Student forgets they have a reflection paper due that night because they are far more focused on academic coursework. Or, they procrastinated since they knew they could bang out a fairly acceptable paper in 30 minutes tops. 

We’ve all seen this type of reflection essay. One that includes a recap of the incident expressing some remorse, maybe a couple notes about promises to count drinks next time, a few “I’ve-learned-a-lots” and “will-never-happen-agains.” Boom, done.

The importance of self-reflection 

Self-reflection is a crucial ingredient in the conduct process, seen as a best practice in our functional area.
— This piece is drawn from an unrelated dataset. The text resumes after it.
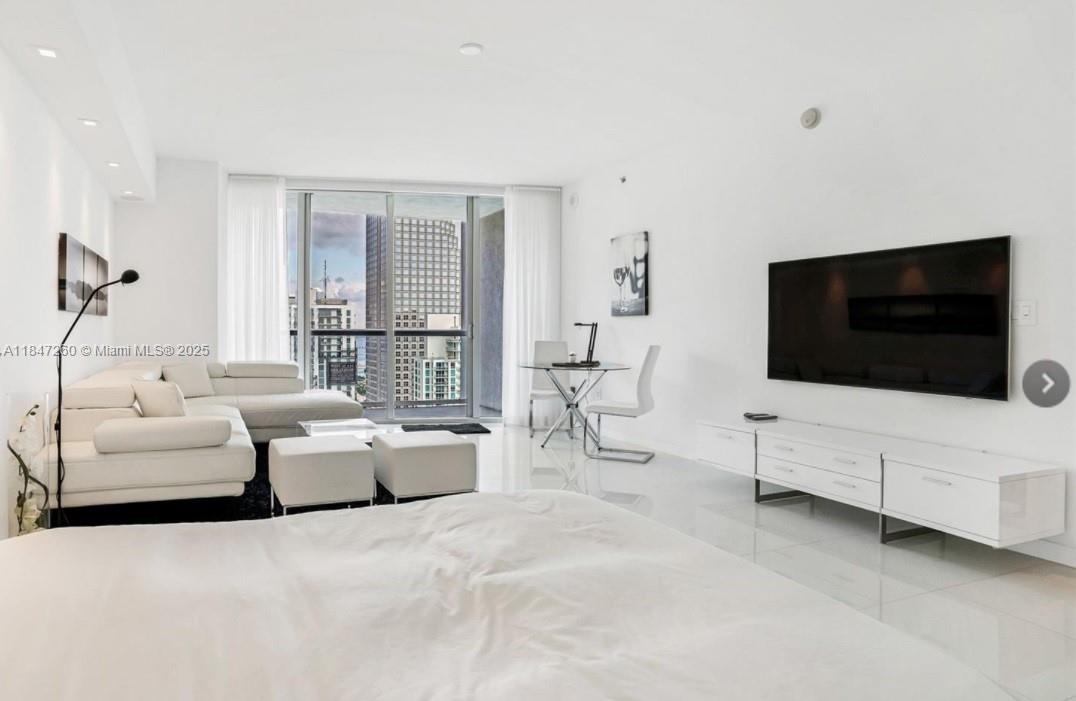 475 Brickell Ave #4310, Miami FL 33131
Just take a look at your institution’s hearing process or resolution meeting: we ask investigative questions to calibrate if a policy violation occurred, and we ask questions about impact and reflection to better understand the student’s headspace, accountability, and reasoning.  

So let’s ask ourselves, are standard reflection papers still the avenue we want to take here? The same prompts and guidelines for submission we’ve carved out in our functional area since we began? Or is there a more impactful efficient way to engage Gen Z in self-reflection?  

Gen Z

We wrote about Gen Z before, but let’s specifically focus on meeting students where they are. Reflection papers have shortcomings, we know this and we must call it out.  Students see those word and page count minimums or the Times New Roman requirement, and it’s like a  Pavlovian response, preemptively equating the exercise with an academic assignment, evoking feelings of stress or just plain boredom. 
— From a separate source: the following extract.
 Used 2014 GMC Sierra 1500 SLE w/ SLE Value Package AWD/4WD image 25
The majority of our students will spend time recounting the incident, repeating themselves throughout the paper to meet the word count, telling us what they think we want to hear: “I plan to drink more water next time” or “I will tell my friends they can’t smoke weed in my room.”

Now, do they believe what they are writing? I guess I really don’t know.

It’s not all bad news though. I occasionally get exceptional papers (maybe from the students sipping those lattes!) and am reminded why I do this work.

Final thoughts

It’s time we begin framing sanctions as primarily developmental rather than just educational.  American schooling in K-12 conditions us to do what we must in order to make the grade.  When students see that reflection paper assignment, they approach it the way they likely approach most academic papers: check those boxes and submit. While we don’t assign grades in the conduct system (that’d be cool if we did, though), we must have established standards in place to assess student learning. That’s why we created a sanctioning program that engages and develops students, giving them that space to reflect, all while conducting assessment on the student conduct process. 

When I assign reflection papers, I oftentimes say to students, “You’ll get out of it what you put into it.”  It’s intended to be empowering, but is that enough? Sometimes I feel handcuffed because that’s all I really can say, hoping that they’ll seize the opportunity. As professionals always looking to build on best practices, we must not cling on to the one or two students who submit strong reflection papers. We need to meet Gen Z where they are. Assigning sanctions that are specific and engaging is the start. Give them the path to journey through their educational outcomes. Because if we really believe that the student conduct process is educational, we must strive to always improve the educational impact.